Moneybox

Will Robots Take Our Jobs or Will Aging Wreck the Economy?

Maybe this robot will take care of granny.

Photo by Justin Sullivan/Getty Images

Thinking about the long-term future of the American economy often seems to me to be dominated by two worries. On the one hand there’s the concern that mechanization will make human labor useless—robots take our jobs. On the other hand there’s the worry that the cost of supporting an aging population will crush the economy.

What people often don’t seem to realize is that these worries are largely contradictory. But consider the new edition of the Occupational Outlook Handbook from the Bureau of Labor Statistics, hot off the presses yesterday. Its No. 1 occupational category that it thinks will add the most jobs over the next 10 years is personal care aides. It says there will be 580,800 of them. At No. 2 is a better-paying profession—registered nurses.
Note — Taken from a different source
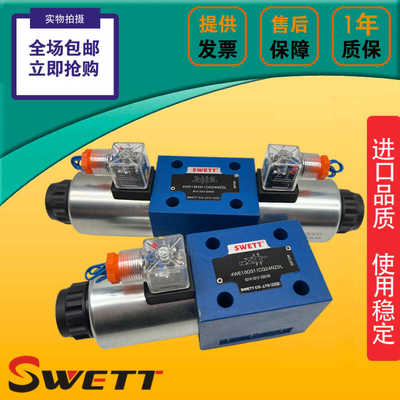 SWETT液压电磁阀4WE10J31/CW220-50NZ5L CG24NZ 6G 10H E G M L D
Home health aides is No. 4, and nursing assistants is No. 6.

Now is this really going to happen? I have no idea. But this is the scenario in which population aging puts financial pressure on the economy—a world in which we need to do lots of labor-intensive elder care. The other scenario is one in which robo-nurses make a large share of this labor-intensive elder care irrelevant. In that case we might have an unemployment problem, but we won’t have a demographically induced growth problem.

One happy outcome is a scenario in which we have neither problem. That’s a world in which automation-driven efficiencies outside of the care-giving sector make it relatively easy for us to employ lots and lots of people teaching children and taking care of the elderly. But what certainly won’t happen is a world in which we somehow simultaneously can’t afford to care for the elderly and also can’t come up with anything for able-bodied people to do with their time. If aging is expensive, the expense will specifically take the form of large-scale employment in elder care.